The task
Word for word, transcribe every line from the one holding "IN license plate 493OH" through the end of the records, but not the pictures.

Entries shown
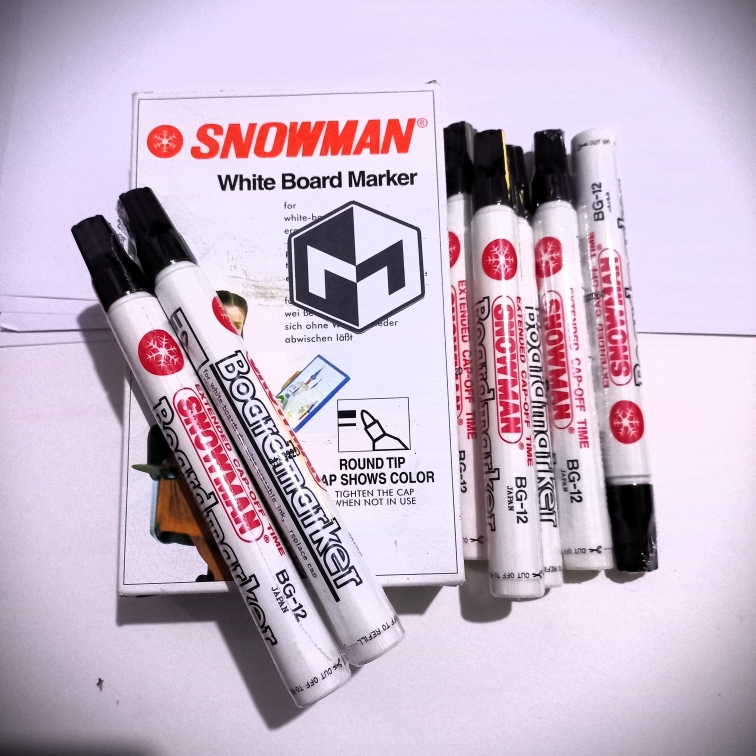 

(COD) SPIDOL SNOWMAN BOARDMARKER BG-12 HITAM/BLACK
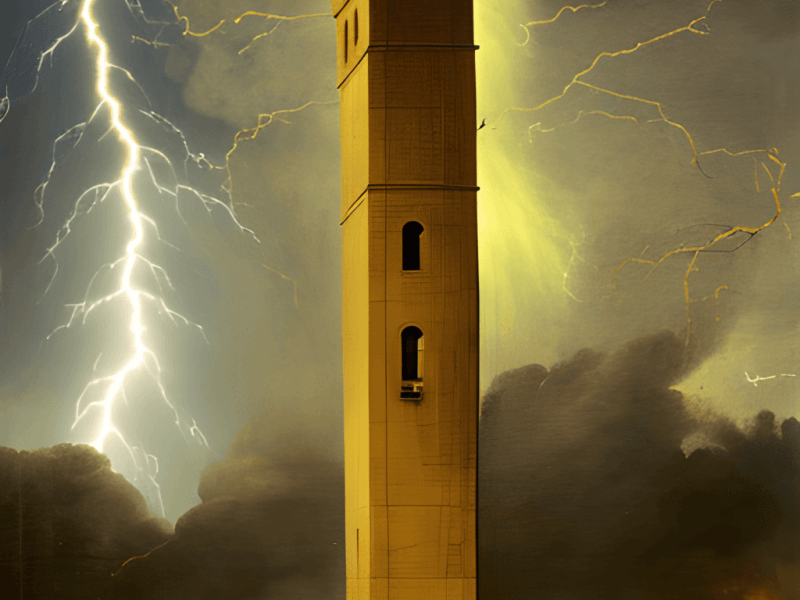 Tower Tarot Card, AI-Generated Illustrations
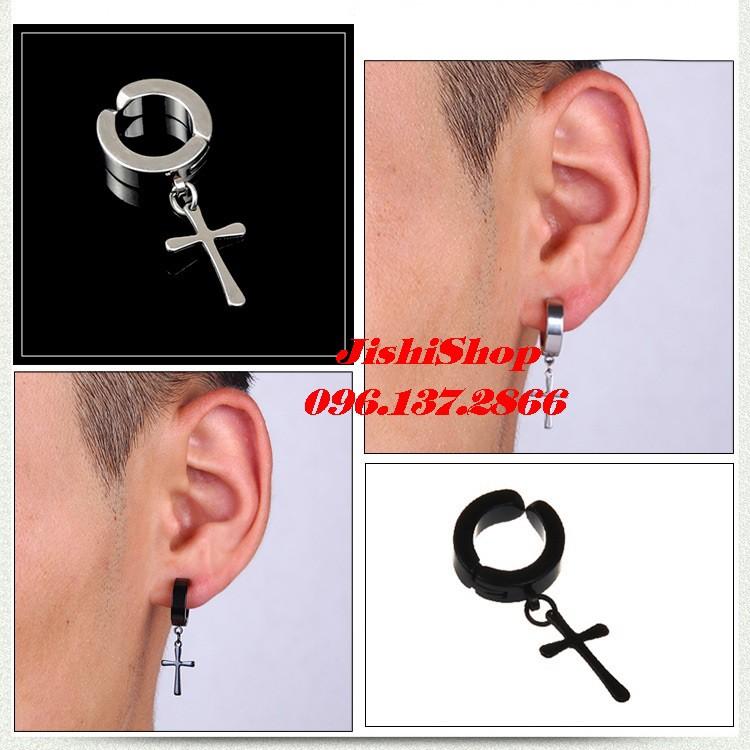 Khuyên tai nam không cần bấm lỗ thánh giá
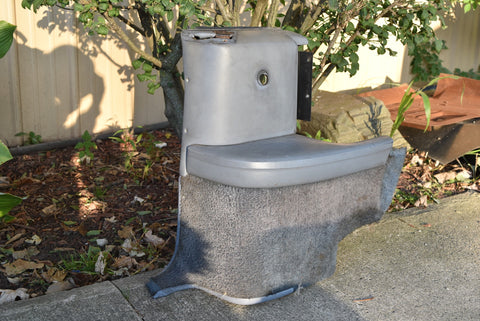 1983 Ford Mustang Convertible Rear RH Interior Quarter Panel Blue Manual Window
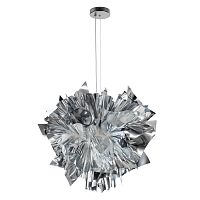Люстра подвесная Слизия / Clizia 10593/600 Silver LOFT IT серебряная на 4 лампы, основание в стиле 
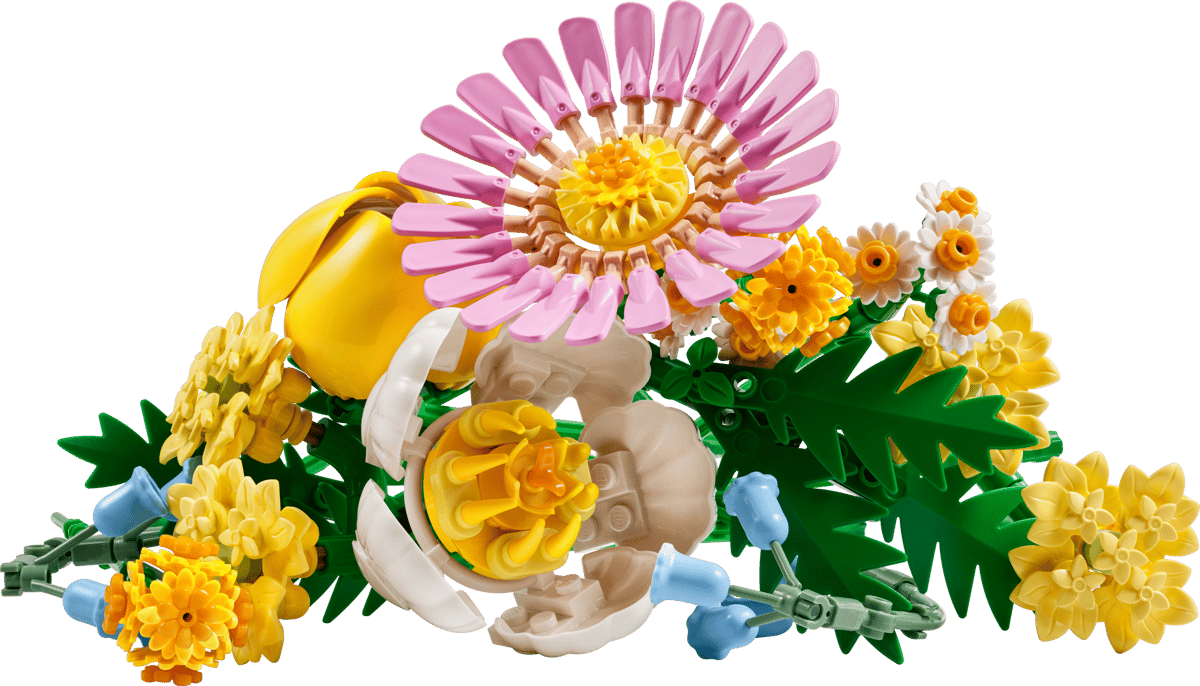 לגו Botanicals - זר שמשי קטנטן (10347)-1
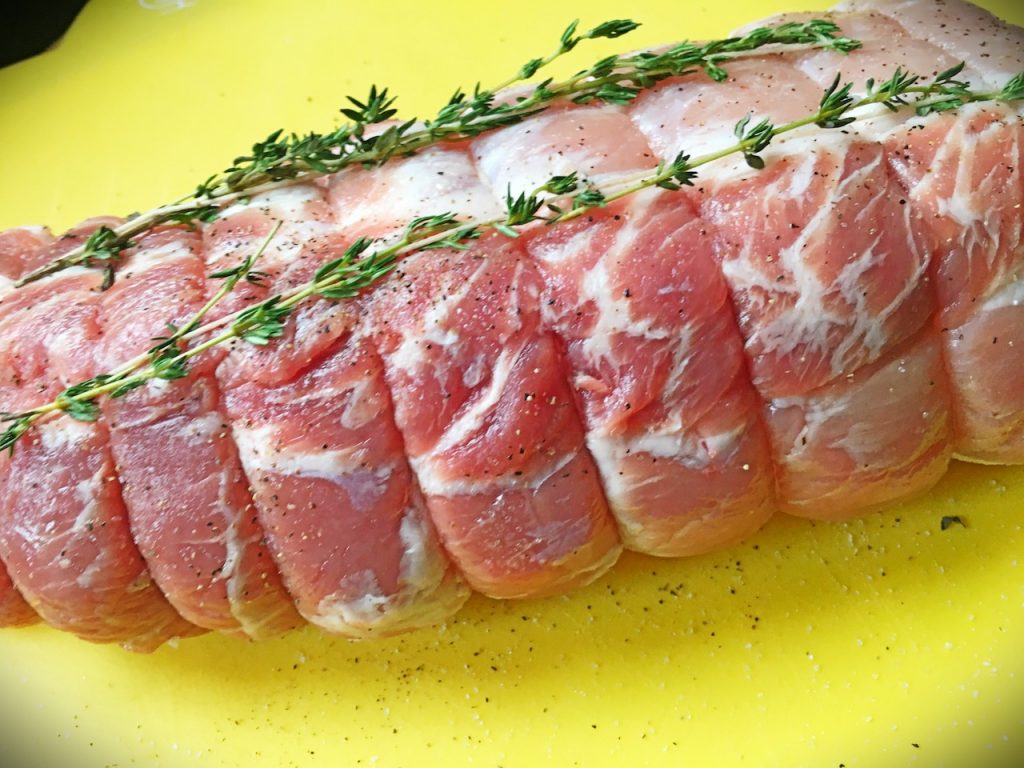 Bacon Pork Loin Roast 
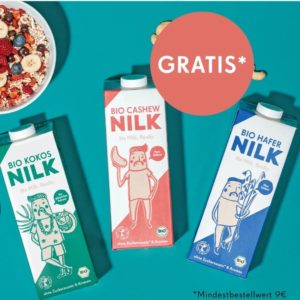 3er Probierpaket von NILK gratis bekommen, ab einem MBW von 9 Euro
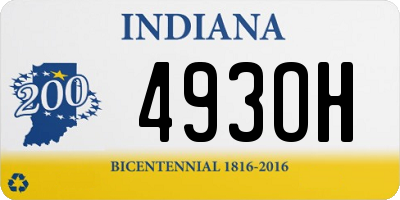 IN license plate 493OH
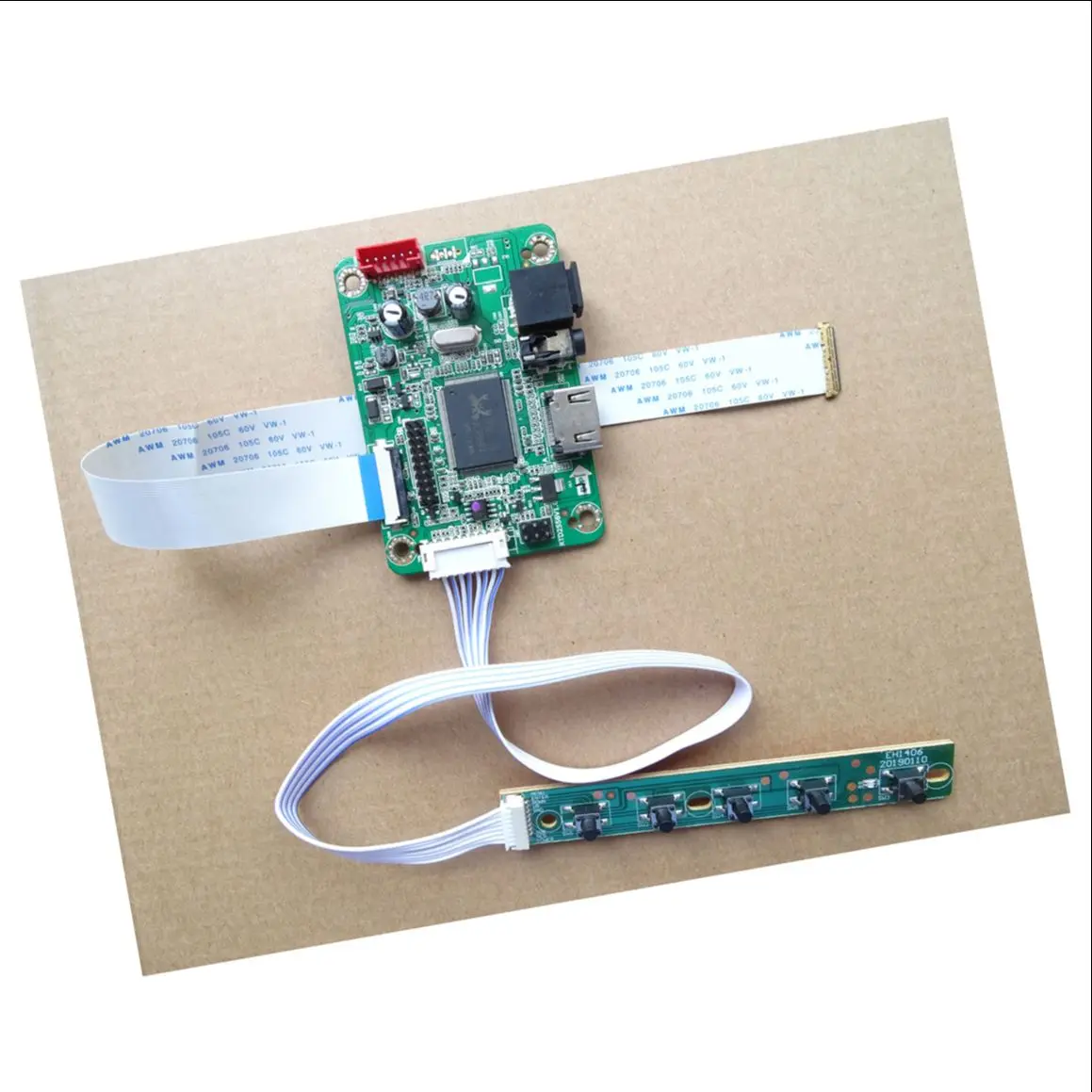 

ЖК-дисплей для светодиодных ламп, совместимый с hdmi-n45, 11,6 дюйма, 1366 × 768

Problem solution
 IN license plate 493OH

ЖК-дисплей для светодиодных ламп, совместимый с hdmi-n45, 11,6 дюйма, 1366 × 768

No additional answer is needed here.